Inevitably, Mr Aries ''didn't count on'' Ed Kelvin, a cop ''who's loyal to the city'' (what does that mean?) and Boomer Hayes, a black ex-athlete who will only go down fighting.

Ho hum.

A FAR better film is the tense drama Courage (STAR Plus, 8 pm, ORT 150 mins), in which Sophia Loren plays a mother who, horrified to discover her son is a drug addict, becomes an undercover agent for the Drug Enforcement Agency. It's based on a true story.

Billy Dee Williams co-stars.

PATRICK Duffy of Dallas fame and Suzanne Somers from Three's Company star in the new sitcom Step by Step (World 7.30pm) which kicks off tonight.
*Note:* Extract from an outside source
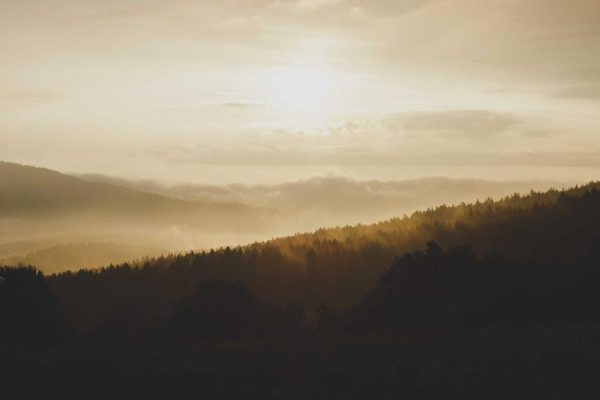 Featured: I Tested 6 AI Image Generators on the Same Product Photo Brief - Here's What $127 Actually Bought Me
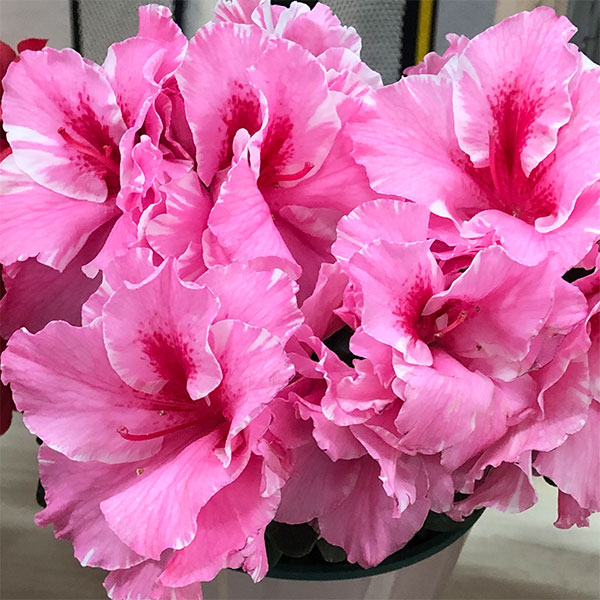 ベルギーアザレア：ホルティノ ピンクバイカラー系4号ポットのサムネイル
That's the good news. The bad is that it was developed by Thomas L. Miller and Robert L. Boyett, two guys who actually own up to creating the hideously mawkish Full House (see World 6.30pm tomorrow).

That one revolves around three 'ickle girls, while Step by Step features no fewer than SIX kids aged between seven and 16. This leaves it ominously open to acres of cute kiddie jokes AND teenage angst.

Pass the sick bag Alice.

IT'S good to know there's alway Cheers (Pearl 9pm) to fall back on of a Monday evening.

This week Woody becomes a snob during a vacation with Kelly in London, while Sam puts Frazier on a physical training exercise.

THOSE long-suffering and much-maligned people, foreign domestic workers - generally known here as amahs - are the subject of The Pearl Report (Pearl, 7.35pm).

The team look at instances of exploitation, under-pay and physical abuse to which some have been subjected both in Hongkong and on the way here.